Work instruction. Copy exactly. Include the line containing "Dual LED Floor lamp", every line after it, and the last line below, but no pictures.

------------------------

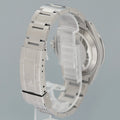 PAPERS 2001 MINT Rolex 14060 Submariner No-Date 2 Line Dial Steel Black Watch Box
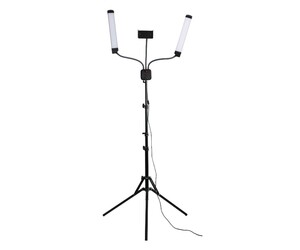 Dual LED Floor lamp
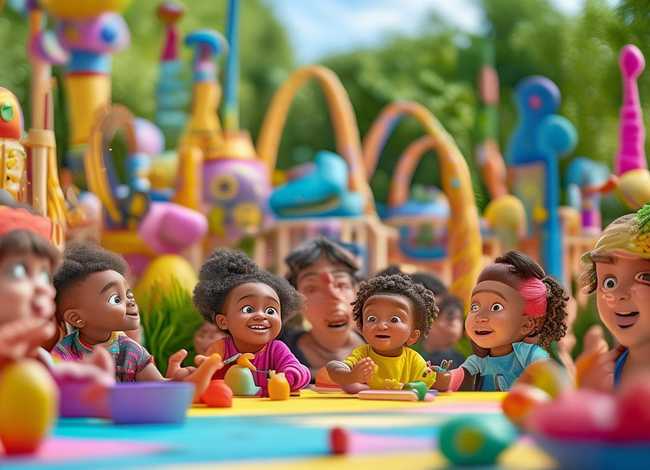 儿童创编故事al 创编故事幼儿 儿童创编故事al 创编故事幼儿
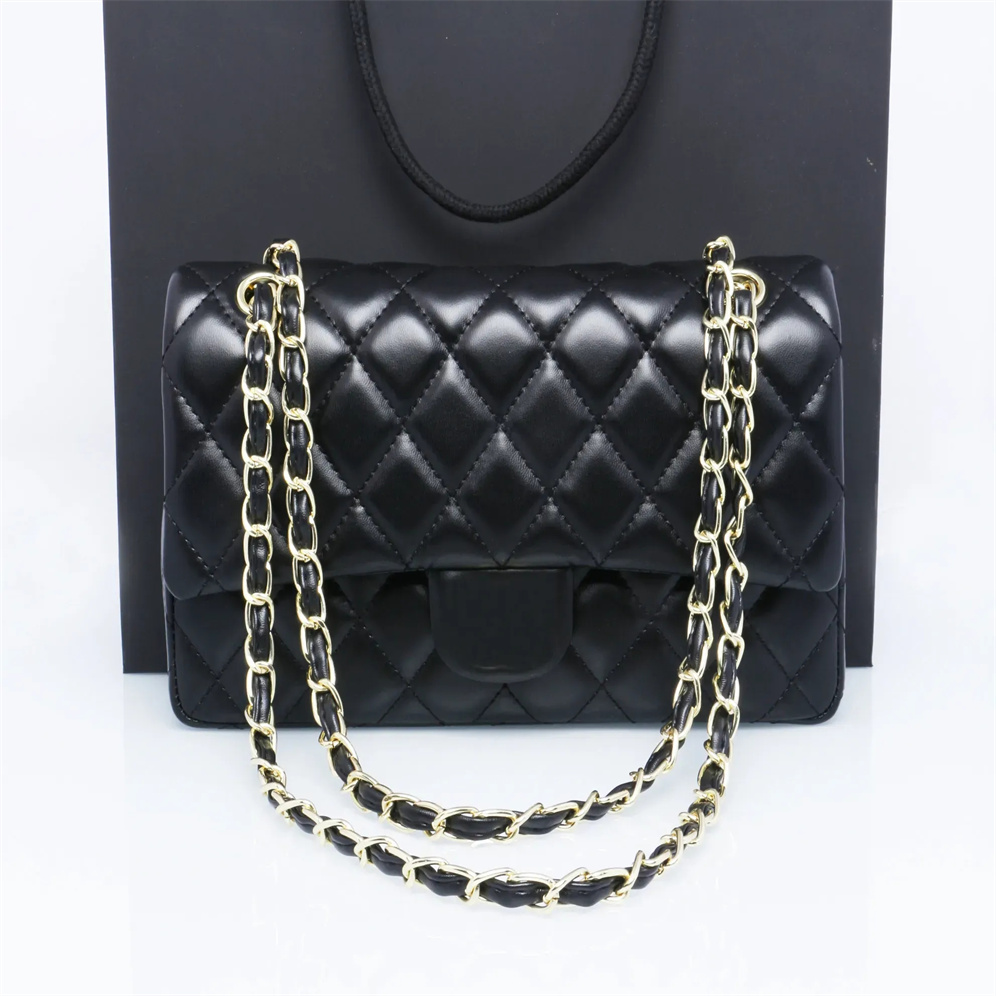 Designer Bags Shoulder Chain Bag Clutch Flap Totes Bags C Wallet Check Velour Thread Purse Double Letters Solid Hasp Waist Square Stripes Women Luxury Handbags 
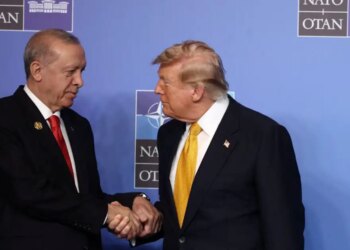 Αισιόδοξος ο Ερντογάν για τα F35: Οι συνομιλίες με τον Τραμπ θα οδηγήσουν σε αποτελέσματα που θα ανταποκρίνονται στις προσδοκίες μας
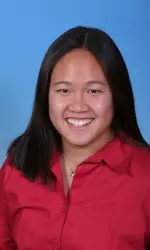 Wong Tabbed Temple Assistant Women's Lacrosse Coach Image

------------------------

Response below.
 Dual LED Floor lamp
 儿童创编故事al 创编故事幼儿 儿童创编故事al 创编故事幼儿
 Designer Bags Shoulder Chain Bag Clutch Flap Totes Bags C Wallet Check Velour Thread Purse Double Letters Solid Hasp Waist Square Stripes Women Luxury Handbags 
 Αισιόδοξος ο Ερντογάν για τα F35: Οι συνομιλίες με τον Τραμπ θα οδηγήσουν σε αποτελέσματα που θα ανταποκρίνονται στις προσδοκίες μας
 Wong Tabbed Temple Assistant Women's Lacrosse Coach Image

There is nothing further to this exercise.